Before “The Case for Christ” became a bestselling book and film, it began with a marriage crisis that sent one skeptical journalist searching for answers.
When Leslie Strobel told her husband she had become a Christian, his reaction was immediate — and deeply unsettled.
Lee Strobel was an investigative journalist at the Chicago Tribune and a committed atheist who believed faith was little more than wishful thinking. The idea that his wife had embraced Christianity didn’t just surprise him; it threatened to upend the life they had built together.
Strobel later admitted he feared the change could destroy their marriage.
So he decided to do what he did best: investigate.
What began as an attempt to disprove his wife’s new beliefs soon evolved into a rigorous journalistic inquiry into the central claims of Christianity — an investigation that would eventually inspire the bestselling book “The Case for Christ” and the film of the same name, starring Mike Vogel as Strobel and Erika Christensen as Leslie.
But long before the story reached movie screens, it unfolded inside a real household under enormous strain — one where faith, skepticism, anger, and love were all colliding at once.
A Journalist Who Trusted Evidence Above All
Lee Strobel built his entire career on asking hard questions.
A graduate of the University of Missouri School of Journalism, Strobel later earned a Master of Studies in Law from Yale Law School before joining the Chicago Tribune, where he became an award-winning investigative reporter and legal affairs editor. His reputation was built on careful reporting, skepticism, and a commitment to evidence.
Faith, by contrast, seemed irrational to him. Strobel has often described himself during that time as a committed atheist who believed science and reason had already disproven the need for God.
But that certainty was about to be tested much closer to home.
The Conversion That Shook Their Home
The turning point came when Leslie accepted an invitation from a neighbor to attend Willow Creek Community Church, which at the time met in a movie theater outside Chicago.
The experience left a deep impression on her. Not long afterward, Leslie committed her life to Christ.
For Lee, the news was unsettling.
He later admitted he hadn’t “signed up to be married to a Christian,” and the change introduced tension into a relationship that had once felt stable. The film “The Case for Christ” portrays the strain honestly: arguments, emotional distance, and a marriage that seemed increasingly fragile.
At the same time, Strobel was grappling with his own personal struggles. By his own account, he drank heavily and often expressed anger through destructive outbursts at home. In the film, one scene shows his young daughter quietly retreating to her room when he arrives home in a rage — a moment drawn directly from real life.
Strobel has said he allowed those painful details to be depicted because the story, ultimately, is about redemption.
An Investigation Designed to Disprove Christianity
Determined to challenge what he saw as a dangerous belief system, Strobel turned to the tools he knew best: journalism and investigation.
If Christianity claimed to be based on historical truth, he reasoned, then those claims should be able to withstand scrutiny.

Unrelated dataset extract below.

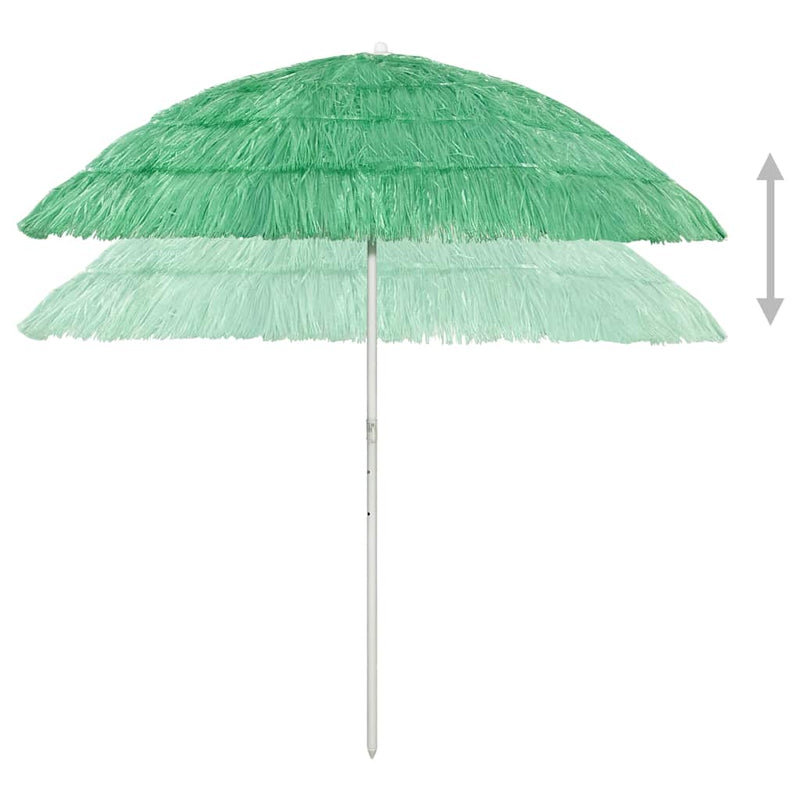 Afbeelding laden in galerijviewer, Vidaxl strandparasol hawaï 240 cm groen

Over the next year and nine months, Strobel conducted what amounted to a formal investigation into the foundations of the Christian faith. He interviewed leading scholars, historians, and medical experts, asking the same kinds of questions he would pose while reporting a major story.

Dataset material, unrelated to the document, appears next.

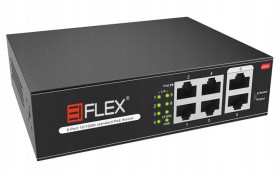 Switch PoE Eiflex EI-H1064PL 4xPoE 6xFE 2xUplink niezarządzalny, 10/100Mb/s, 65W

Among the issues he explored were whether the New Testament accounts were historically reliable, whether credible eyewitness testimony supported the resurrection of Jesus, and whether evidence for Jesus existed outside the Bible.
Throughout the process, Strobel carefully documented arguments for and against Christianity, weighing them on a yellow legal pad much like he would when preparing an investigative report.
What began as an attempt to dismantle the faith slowly became something far more complicated.
The Conclusion He Didn’t Expect
As Strobel continued interviewing scholars and reviewing historical evidence, he found that many of the arguments he expected to easily dismiss were more substantial than he had anticipated.
The historical case for the life and death of Jesus, the credibility of early eyewitness accounts, and the evidence surrounding the empty tomb all forced him to reconsider assumptions he had long taken for granted.
After months of investigation, Strobel reached a conclusion that surprised even him.
In 1981, he became a Christian.
From Personal Investigation to Global Impact
The decision to accept Jesus as his Savior marked a profound shift in Strobel’s life. In 1987, he left the Chicago Tribune, taking a significant pay cut to become a teaching pastor at Willow Creek Community Church.
Years after his conversion, Strobel revisited the investigation that reshaped his beliefs and documented it in the 1998 bestselling book “The Case for Christ.”
The book’s success introduced millions of readers to the questions he once wrestled with himself. Nearly two decades later, the story reached a new audience through a feature film adaptation.
Over time, he would go on to write numerous other books exploring the evidence for faith, and speak to audiences around the world, sharing the story of the investigation that changed everything.
What began as a skeptical reporter’s attempt to disprove his wife’s faith ultimately became the journey that transformed his own life — and the marriage he once feared might not survive it.